▸ Your instructions
Retype the listing exactly; omit pictures.

▸ Available data
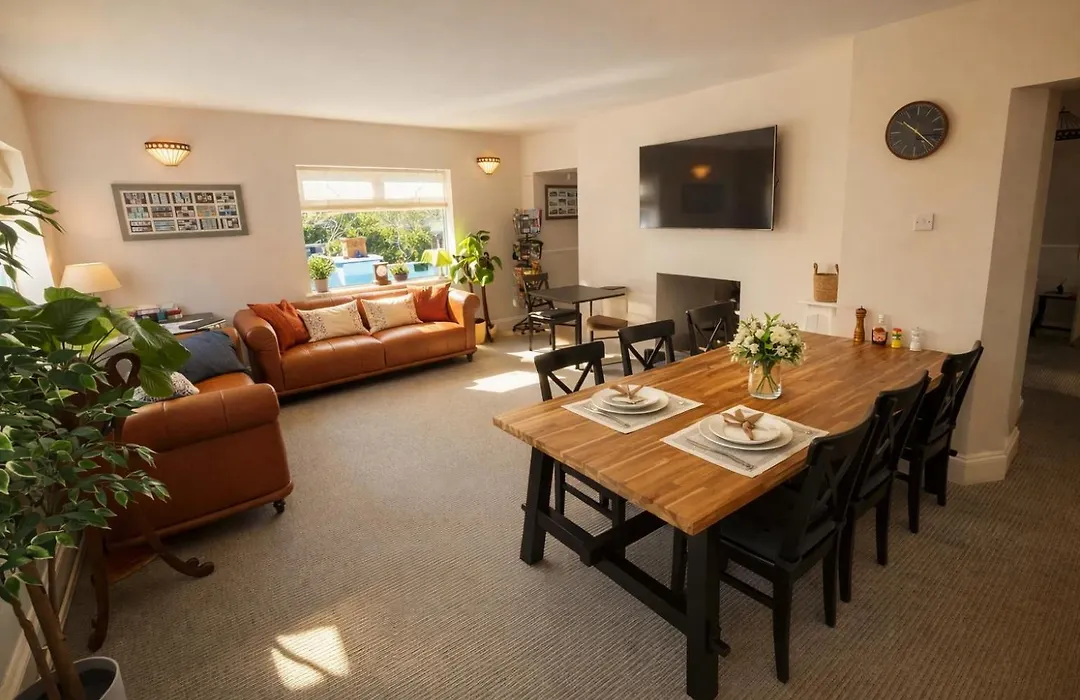Ferndale Lodge-1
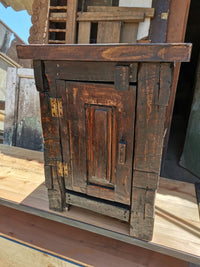 Juego de dormitorio fabricado con un 100% de Madera Reciclada por personas llenas de talento. Veladores de 50 cm de frente, 45 cm de ancho y 62 cm de alto. Cómoda de 1,6 m de largo, 90 cm de alto y 45 cm de fondo. Respaldo de 200 cm (cama King).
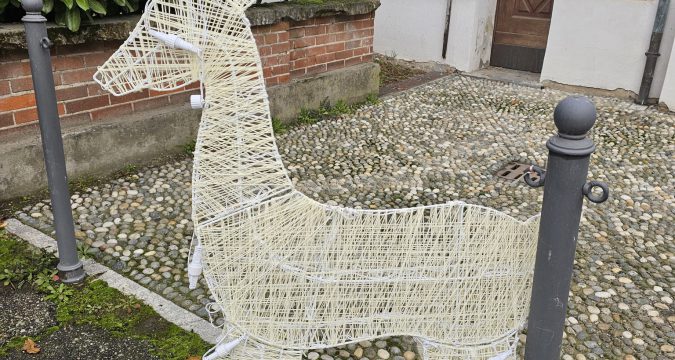 Natale amaro a Scaldasole: rubato uno degli addobbi appena installati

▸ Exercise answer
Ferndale Lodge-1
 Juego de dormitorio fabricado con un 100% de Madera Reciclada por personas llenas de talento. Veladores de 50 cm de frente, 45 cm de ancho y 62 cm de alto. Cómoda de 1,6 m de largo, 90 cm de alto y 45 cm de fondo. Respaldo de 200 cm (cama King).
 Natale amaro a Scaldasole: rubato uno degli addobbi appena installati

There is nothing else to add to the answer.